Can God Answer Prayers of Non-Christians?

Sergey Khudiev | 01 May 2019

Recently I have come across a question, “Why do people, who pray to other gods, get what they want? Does it mean that our Orthodox God satisfies their requests, thereby strengthening their faith in their gods?”

Sergei Khudiev

Well, it happens: non-Christians ask for something within their religions and receive an answer. How can one understand it from a Christian point of view?

This may refer to three different phenomena: supernatural intervention on the part of the true God; intervention on the part of demons; events that are not supernatural interventions at all, but they are interpreted as such by praying people.

Can the true God God and the Father of our Lord Jesus Christ – graciously answer the prayers of non-Christians? Yes. All people are His creatures, His merciful care extends to all of us, and as the Gospel says, He makes His sun rise on the evil and on the good, and sends rain on the just and on the unjust (Matthew 5:45).

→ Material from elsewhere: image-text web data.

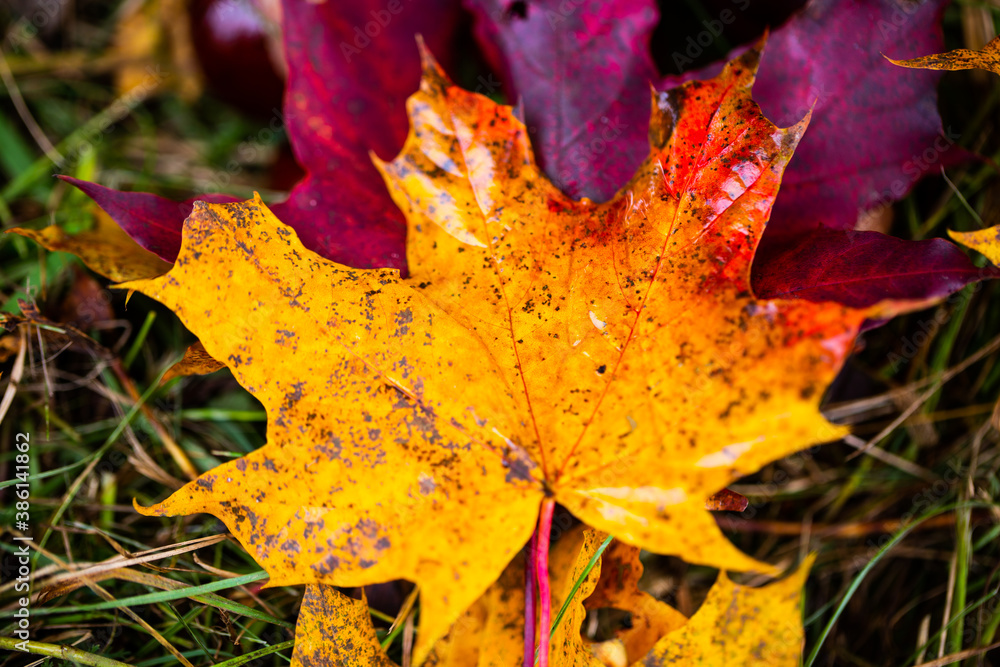 red leaves between yellow leaves, autum red leaves between yellow leaves, autum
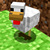 daviddof pollo crew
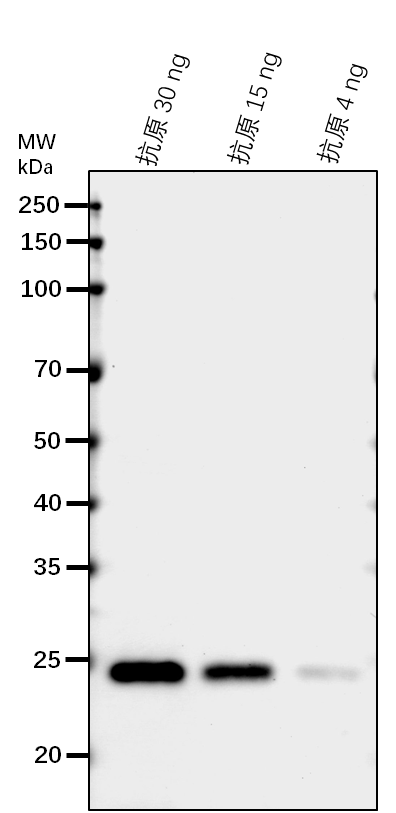 Anti-PNSL1/ Photosynthetic NDH subunit of lumenal location 1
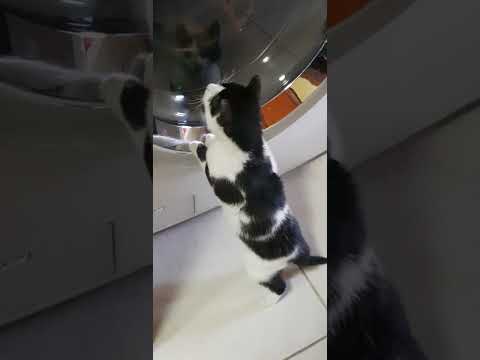 Aziza Needs a Furever Home #fureverhome #animalsanctuary #cat #catsanctuary #rescue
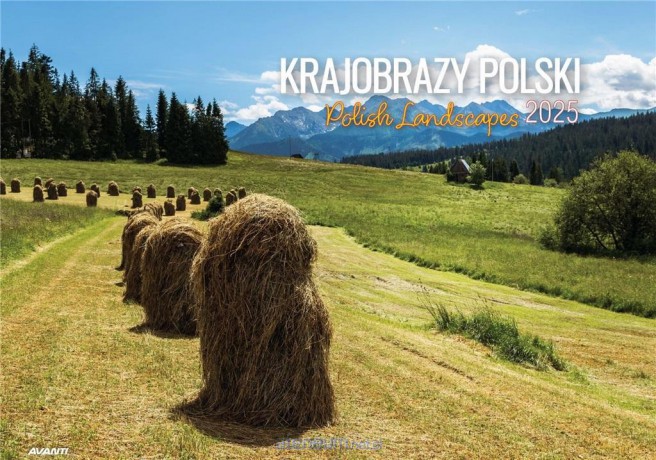 Kalendarz 2025 ścienny albumowy Krajobrazy Polski [KALENDARZ]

We all, Christians and non-Christians, live, move, and exist by the virtue of God’s merciful love. Once I saw a documentary about an African, who got hooked on some local drug and sank into a completely pitiable state. Like all his associates he was a Muslim and desperately appealed to Allah when seeing an imminent and inevitable death before him. In the end, he stopped doing drugs and fixed his life. If a person begs his Creator for help and receives it, it should not confuse us, even if we do not agree with this person’s ideas about the Creator and His Revelation.

Is the merciful help of the Creator a confirmation that people believe in Him correctly? Of course not. Since God condescends to deluded people, it does not follow that He approves of their delusion. Many of us may recall Him showing concern for us, including His answering to our prayers, when we were still far from the right faith.

On the other hand, it would be reasonable to assume that the Divine intervention will lead a person towards the truth and not from it, and specific circumstances are very important here, for the Divine Providence has an individual approach to each creation.

Other times, people interpret a usual course of events as a result of supernatural intervention.

Let’s say, a Japanese student prayed at a Shinto shrine asking for success in examinations: and she passed them. Yet she did not need any supernatural help: perhaps, she studied diligently.

A more frightening phenomenon is possible, when people ask for help (and receive it) from the fallen spirits. There is Santa Muerte, a cult of Holy Death in Mexico. In the sanctuaries of this cult there is something that from afar may remind of the common in Latin America statue of the Madonna. The only thing is that coming closer one may find that a skull is looking at the idolaters instead of the Madonna’s face.

This cult is popular among drug dealers, thieves, prostitutes, and other representatives of the underworld that live in a constant conflict with the law, among cruelty and debauchery. On the one hand, they seek consolation and help from beyond. On the other hand, they do not want to turn to the traditional Church, because the Church would have asked them first to leave their way of life behind. People talk about the help they received from “Holy Death”: she helped someone find lawyers to escape prison and continue selling drugs; someone begged her to get revenge on offenders from a rival gang, so that they got killed soon during showdown; someone relies on her patronage while transporting batches of drugs to the north, to the United States. Alas, it could hardly be doubted that it is demons, who want people to perish, that are behind the “deity” helping them to follow the path of sin and lawlessness.

Thus, the answers to the prayers of non-Christians do not indicate the genuineness of their beliefs.

However, the following is equally important to us: even though God comes to our aid in all circumstances of our lives, it is not His purpose. Even St. Augustine said that the difference between pagans and Christians is that the entire pagan practice is focused on solving the earthly problems: people ask for health, wealth, success in love and in war from their gods, meanwhile Christians seek eternal and blissful life.

For us, God is not the one, who solves (effectively or not) our earthly problems exactly the way we want and expect, but the One, Who makes us new people, preparing us for eternal joy. For our eternal salvation, God does not need to change the circumstances around us, but ourselves.

Therefore, whether God did it my way, whether He intervened in the situation the way I wanted Him to is not a criterion of truth at all. Faith means that we trust God and want Him to change us and do not try to use Him to our advantage.